Colorado would hold a presidential preference primary in 2020 instead of caucusing on the nominee under a bill that passed the state House of Representatives preliminarily Thursday evening. The bill was introduced with only a few weeks remaining in the 2016 General Assembly in response to discontent about how the March 1 caucuses for Republicans and Democrats were conducted. It passed on second reading Thursday and now heads to the Senate for consideration. But it is also an insurance policy against a handful of proposed ballot initiatives that would ask voters in November to change Colorado’s primary system. Some of those would get rid of caucuses, but some also propose opening up Colorado’s primary process so unaffiliated voters could participate. Under current law unaffiliated voters would have to change their party registration to participate in that party’s caucus.

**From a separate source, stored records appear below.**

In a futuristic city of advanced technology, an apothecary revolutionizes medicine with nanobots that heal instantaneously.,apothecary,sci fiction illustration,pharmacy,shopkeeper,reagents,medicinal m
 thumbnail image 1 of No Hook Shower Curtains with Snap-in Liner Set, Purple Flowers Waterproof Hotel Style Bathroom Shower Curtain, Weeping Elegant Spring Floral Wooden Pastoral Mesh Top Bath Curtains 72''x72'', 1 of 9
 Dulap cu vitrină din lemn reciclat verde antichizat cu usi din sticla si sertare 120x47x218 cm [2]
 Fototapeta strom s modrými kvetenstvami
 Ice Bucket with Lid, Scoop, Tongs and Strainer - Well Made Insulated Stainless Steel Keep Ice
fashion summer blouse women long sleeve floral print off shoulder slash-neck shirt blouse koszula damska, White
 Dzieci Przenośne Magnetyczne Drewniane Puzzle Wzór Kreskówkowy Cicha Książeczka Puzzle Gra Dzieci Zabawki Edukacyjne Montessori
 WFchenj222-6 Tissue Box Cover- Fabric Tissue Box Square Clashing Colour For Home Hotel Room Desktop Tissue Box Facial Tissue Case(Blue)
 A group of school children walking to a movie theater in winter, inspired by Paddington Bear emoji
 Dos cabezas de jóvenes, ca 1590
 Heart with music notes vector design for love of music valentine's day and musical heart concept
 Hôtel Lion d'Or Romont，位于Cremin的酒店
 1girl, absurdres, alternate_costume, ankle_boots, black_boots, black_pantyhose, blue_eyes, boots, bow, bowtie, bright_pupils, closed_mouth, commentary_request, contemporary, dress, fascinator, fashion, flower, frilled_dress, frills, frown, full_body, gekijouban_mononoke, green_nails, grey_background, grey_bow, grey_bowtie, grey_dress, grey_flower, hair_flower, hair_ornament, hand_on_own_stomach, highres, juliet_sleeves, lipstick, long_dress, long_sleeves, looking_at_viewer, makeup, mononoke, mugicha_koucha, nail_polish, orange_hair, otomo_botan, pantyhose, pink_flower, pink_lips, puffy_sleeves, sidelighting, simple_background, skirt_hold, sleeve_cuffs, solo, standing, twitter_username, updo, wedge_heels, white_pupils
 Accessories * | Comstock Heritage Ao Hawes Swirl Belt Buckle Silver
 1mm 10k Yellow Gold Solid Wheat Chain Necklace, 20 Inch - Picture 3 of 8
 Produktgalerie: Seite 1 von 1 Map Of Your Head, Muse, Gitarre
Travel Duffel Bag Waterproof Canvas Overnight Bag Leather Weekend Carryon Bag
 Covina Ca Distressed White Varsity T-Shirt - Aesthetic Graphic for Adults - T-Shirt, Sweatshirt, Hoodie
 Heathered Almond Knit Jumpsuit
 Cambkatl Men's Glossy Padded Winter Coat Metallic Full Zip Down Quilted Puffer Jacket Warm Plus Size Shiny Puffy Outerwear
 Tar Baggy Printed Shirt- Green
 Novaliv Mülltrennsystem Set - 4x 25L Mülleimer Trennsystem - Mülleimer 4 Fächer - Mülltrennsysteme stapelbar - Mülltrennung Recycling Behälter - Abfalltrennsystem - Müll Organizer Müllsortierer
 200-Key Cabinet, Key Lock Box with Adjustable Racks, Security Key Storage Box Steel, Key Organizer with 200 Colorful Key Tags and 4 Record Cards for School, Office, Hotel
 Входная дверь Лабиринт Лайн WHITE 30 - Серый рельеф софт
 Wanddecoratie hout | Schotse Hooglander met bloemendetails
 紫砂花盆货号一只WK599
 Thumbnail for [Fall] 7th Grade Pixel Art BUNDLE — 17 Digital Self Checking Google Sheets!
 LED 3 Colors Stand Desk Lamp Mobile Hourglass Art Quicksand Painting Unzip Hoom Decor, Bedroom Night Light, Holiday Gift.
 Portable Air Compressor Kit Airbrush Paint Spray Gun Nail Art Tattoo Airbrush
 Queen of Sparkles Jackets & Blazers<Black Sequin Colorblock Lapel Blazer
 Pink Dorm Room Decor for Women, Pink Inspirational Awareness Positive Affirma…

But House Bill 1454 was amended Thursday night so that if any of those amendments pass, a version of open primary that is more palatable to the political parties would be implemented instead.
Rep. Tim Dore, R-Elizabeth, said that is “much broader” than what House Bill 1454 proposes. He said under the ballot initiatives everyone would receive every ballot in the mail and then decide which party primary to participate in.
Under his bill, if one of those were to pass, the state law would trump it and instead unaffiliated voters would be sent a postcard giving them the option to temporarily affiliate with a party of their choice for the primary. If the ballot initiatives fail, or don’t even make the ballot, Colorado elections will remain closed.